» Work request:
Set down, exactly as written, the lines from the line holding "Porta21 Superfood Nassfutter, Huhn" to the end of the data, inclusive, skipping any pictures.

» Given entries:

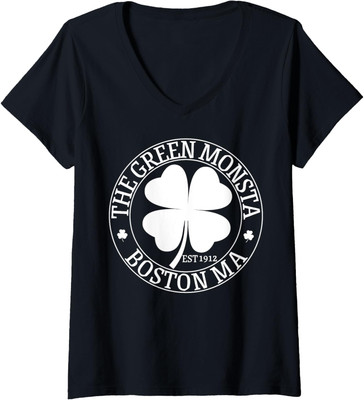 The Green Monsta Boston Funny Vintage Shamrock Ladies' V-Neck Tshirt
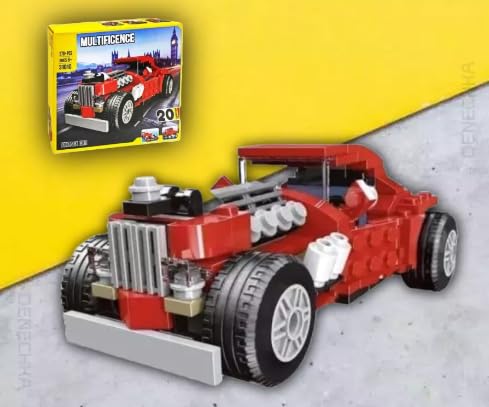 Image of Galaxy Hi-Tech 20-in-1 Magic Building Blocks Set 268+ Pieces Creative Construction Toy for Kids |Includes Instruction Manual Ideal for Boys & Girls Ages 6+ DIY Brick Vintage Car, Truck, Bike Models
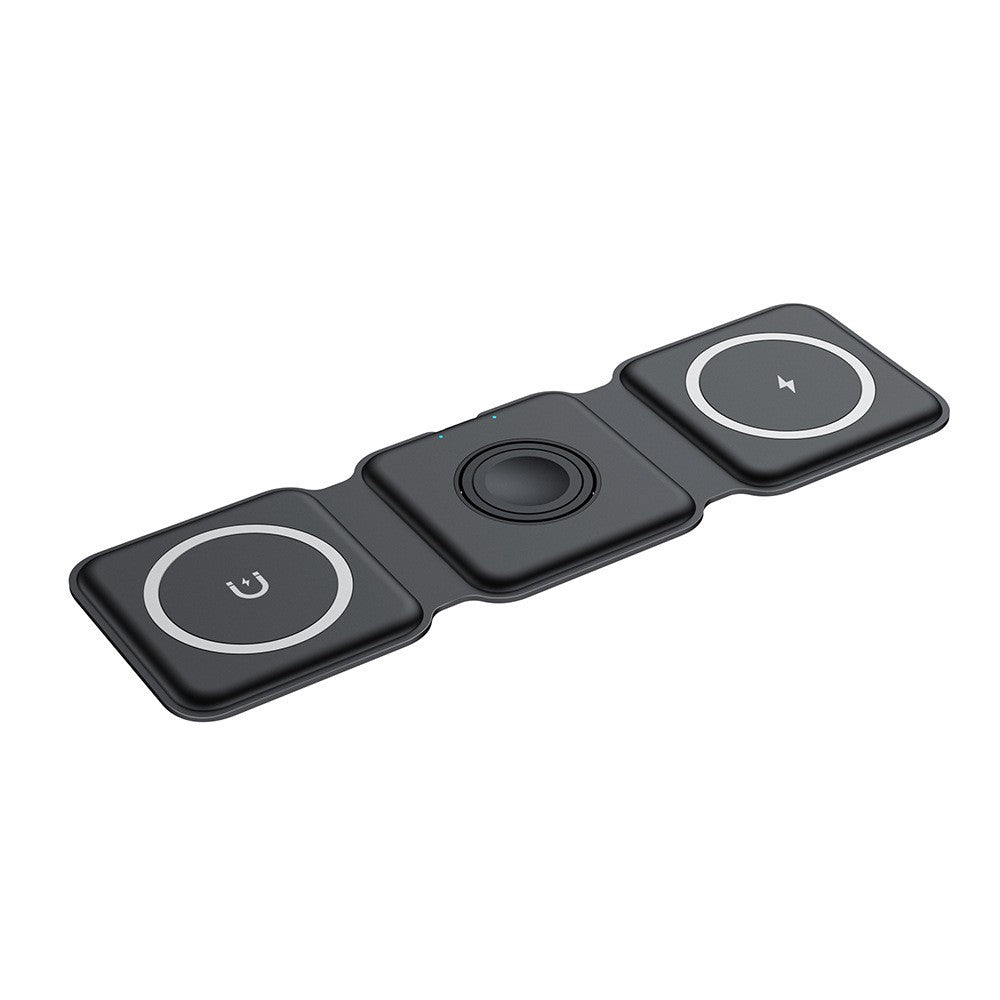 Incarcator Wireless Magnetic/Pliabil 3in1, Multifunctional de Birou, 15W, Compatibil cu iOS/Android, 25 x 7.5 x 1 cm, Negru
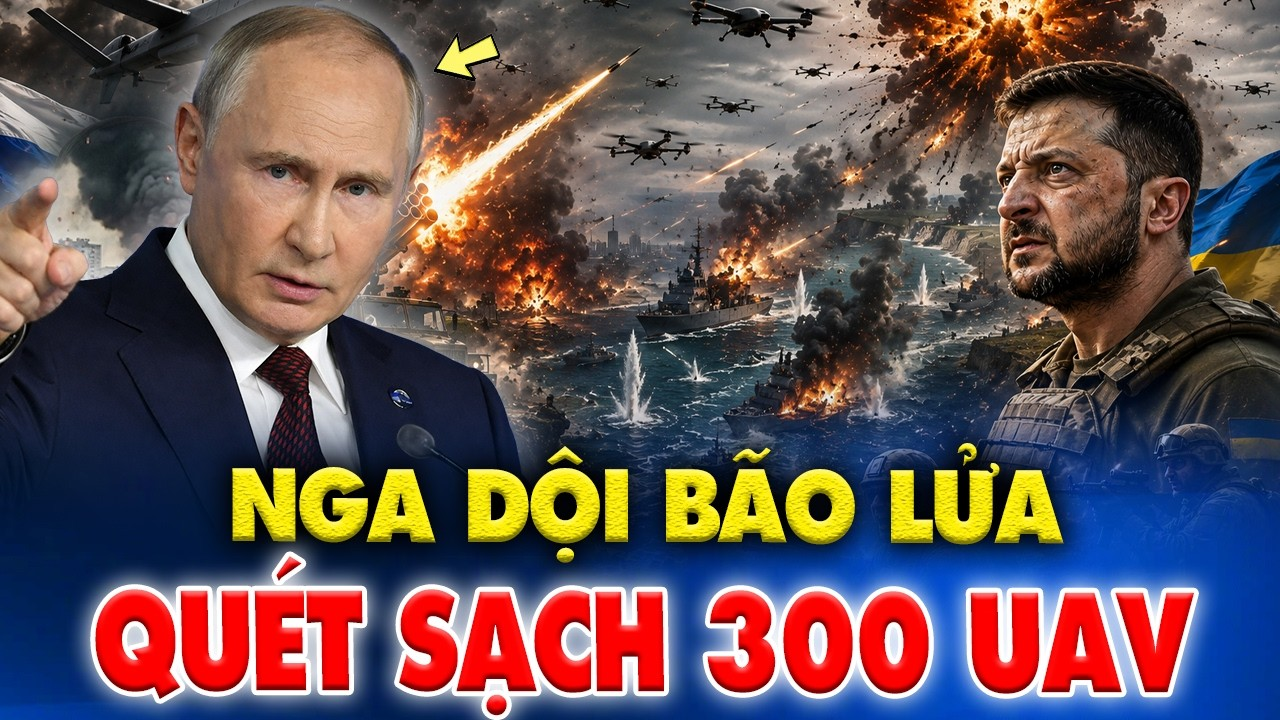 ĐẠI CHIẾN UAV CHẤN ĐỘNG: Nga dội bão lửa “quét sạch” 300 drone, Ukraine tung đòn vỗ mặt Caspi!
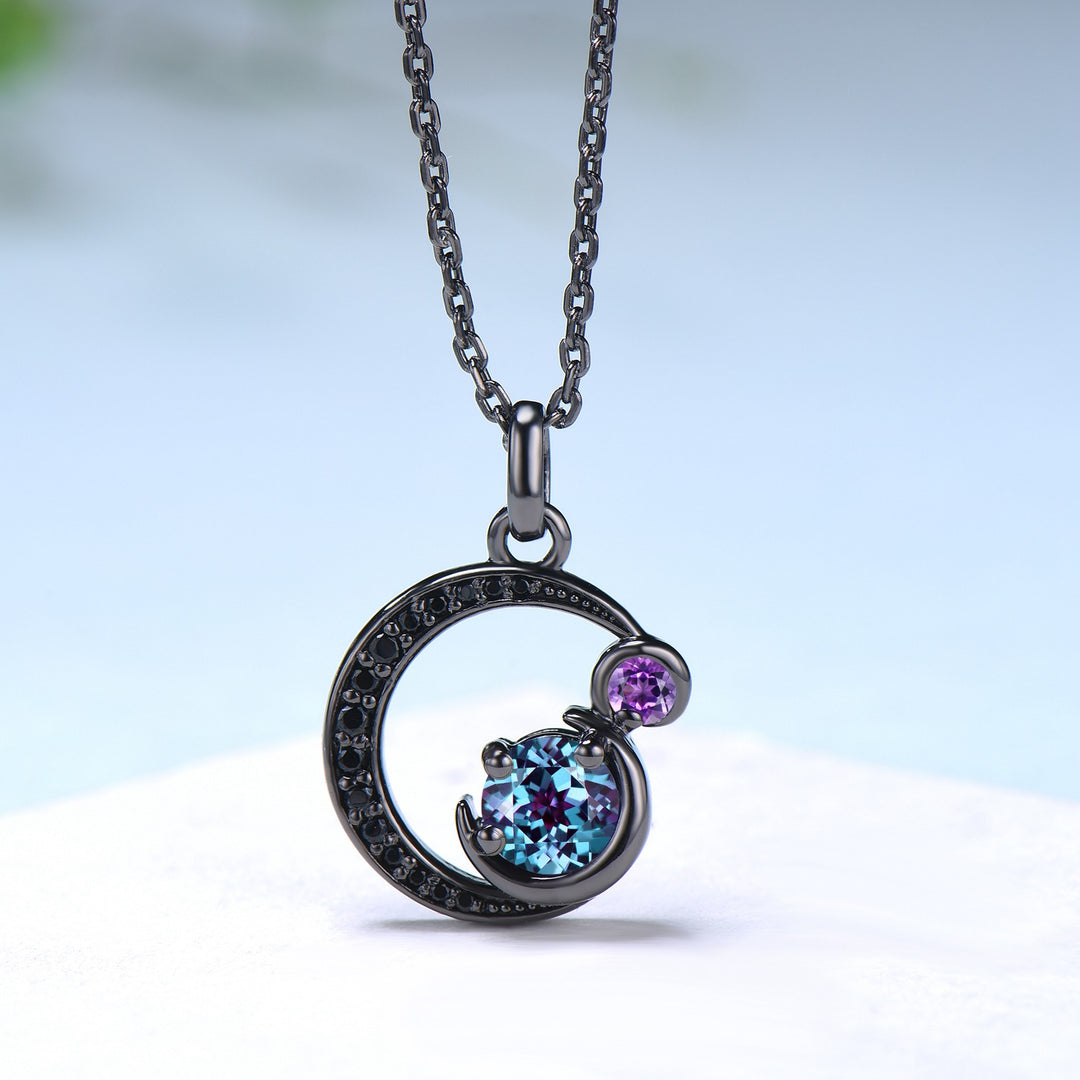 Unique Black Gold Alexandrite Necklace Magic Crescent Moon Amethyst Black Spinel Pendant Necklace Halloween Gothic Anniversary gift for girl - PENFINE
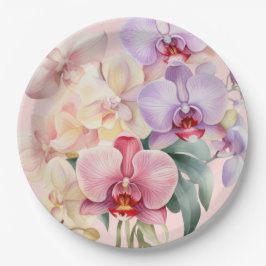 Pastel Orchids Elegante Hochzeit Pappteller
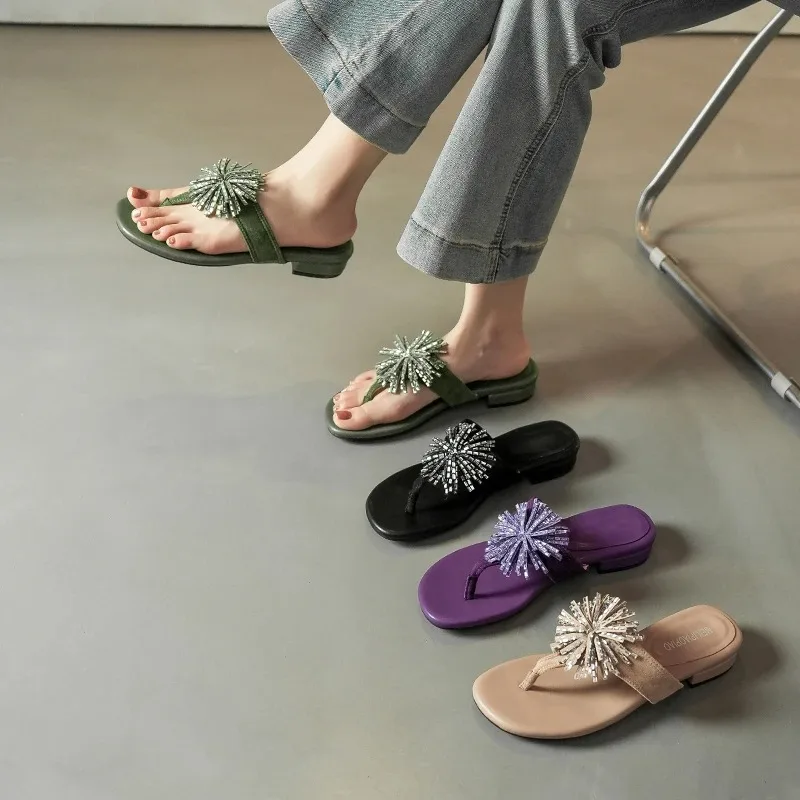 Aneikeh Summer Elegant Square Low Heels Fashion Flip Flops Rhinestone Flower Clip Toe Women Slippers Daily Dress Casual Shoes
Aneikeh Summer Elegant Square Low Heels Fashion Flip Flops Rhinestone Flower Clip Toe Women Slippers Daily Dress Casual Shoes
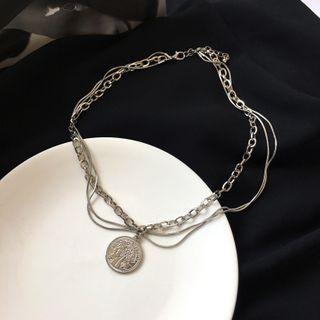 Coin Layered Necklace 1 Pc - Necklace - Silver - One Size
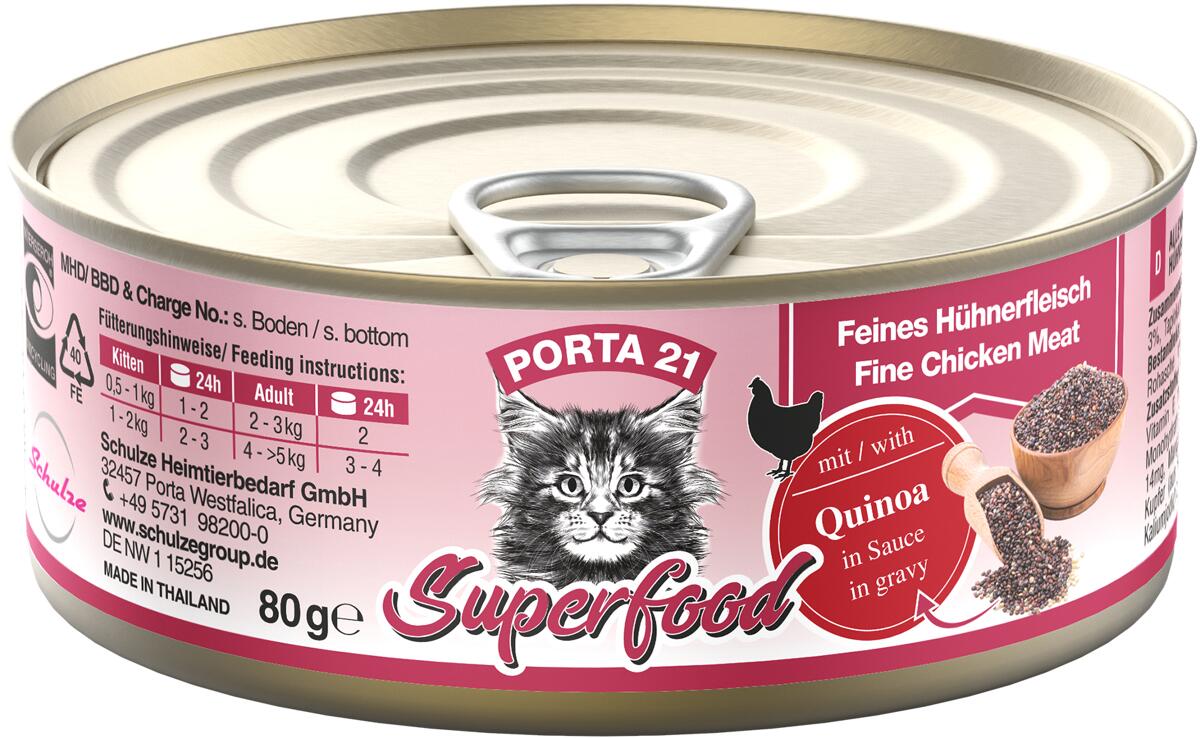 Porta21 Superfood Nassfutter, Huhn & Quiona, 24x80g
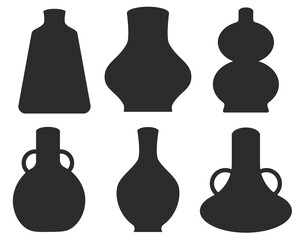 Vase set. Pottery Vases Flower Home Interior Decoration. Vector icon collection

» Response to this task:
 Porta21 Superfood Nassfutter, Huhn & Quiona, 24x80g
 Vase set. Pottery Vases Flower Home Interior Decoration. Vector icon collection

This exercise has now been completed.